Instead, I will focus hard on suggesting agents have the most carriers possible so they can always find some market to write whatever turns up at the lowest price. There are around 1,000 P&C carriers. Excluding captives and reinsurers and adjusting for the number of carriers available in any one geographic area, there are likely 500-700 carriers available in any given market. Only representing 20 is not nearly enough! Get with it. Join a cluster or network that gives access to at least 200! Otherwise, the agency is at a serious disadvantage and might miss out on that $300 sale. Losing out on $300 could be catastrophic to your income and ego. Don’t let that happen. Do something. Find more carriers!


When looking for carriers, quite often the worst carriers from a financial perspective, have the lowest rates. This is why a few years later their loss ratios skyrocket. They were not charging enough. Focus then on the low rates because if you have 500 carriers, you’ll always find some other incompetent carrier three years from now offering low rates too. Sure, it is a hassle to have to move books every few years from one incompetent carrier to another but think of all the $200 sales you’ll make! You will probably increase sales 10% annually for a few years.


Also, your clients will like you more because we all know that all insurance policies are the same and the only thing that matters is the rate. I don’t even know why agents need to take CE courses to learn coverages if all policies are the same.

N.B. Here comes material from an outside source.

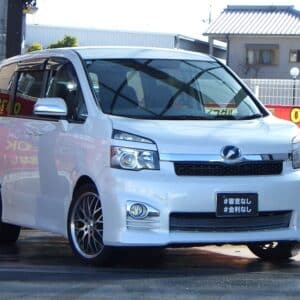 VOXY　ヴォクシー　ZS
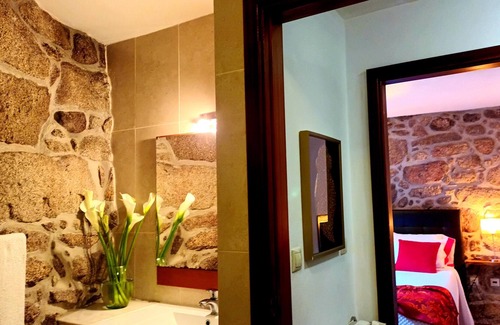 Lindoso Casa | Homerez - Nice house for 2 ppl. with balcony at Lindoso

Any idea why insureds or carriers need agents if all the policies read the same?


I suppose the stupid jokes in insurance commercials are another differentiator along with price. Which commercials do your clients like the best? Keep this in mind when selling. You might be able to increase your sales with this knowledge.


And most insureds don’t have claims annually so the fact that weak carriers often have poor claims service will go unnoticed by most of your clients. What difference does it make to write business with a weak carrier if the insured never “uses” their insurance? Right? Genius perspective, I know.


Some of the weak carriers are even more prone to paying agents “extra” compensation. This is because they have nothing else to offer and they are financially weaker. To keep business, all they can do is entice agents with more money. This is a great reason to write with weaker carriers. Another genius insight I’m glad to share.


Another reason to write with weak carriers if you don’t own an agency is because you don’t have to worry about profitability. You just make sales and let the owners figure out how to make a profit. Sure, the staff have to work harder with lousy carriers, the retention rate is lower, and the underwriting hassles are greater (weak carriers might tend to pay underwriters less or employ too few underwriters), but, hey, that is someone else’s problem and not yours! Your job is to make sales so the more carriers, especially desperate carriers, the better.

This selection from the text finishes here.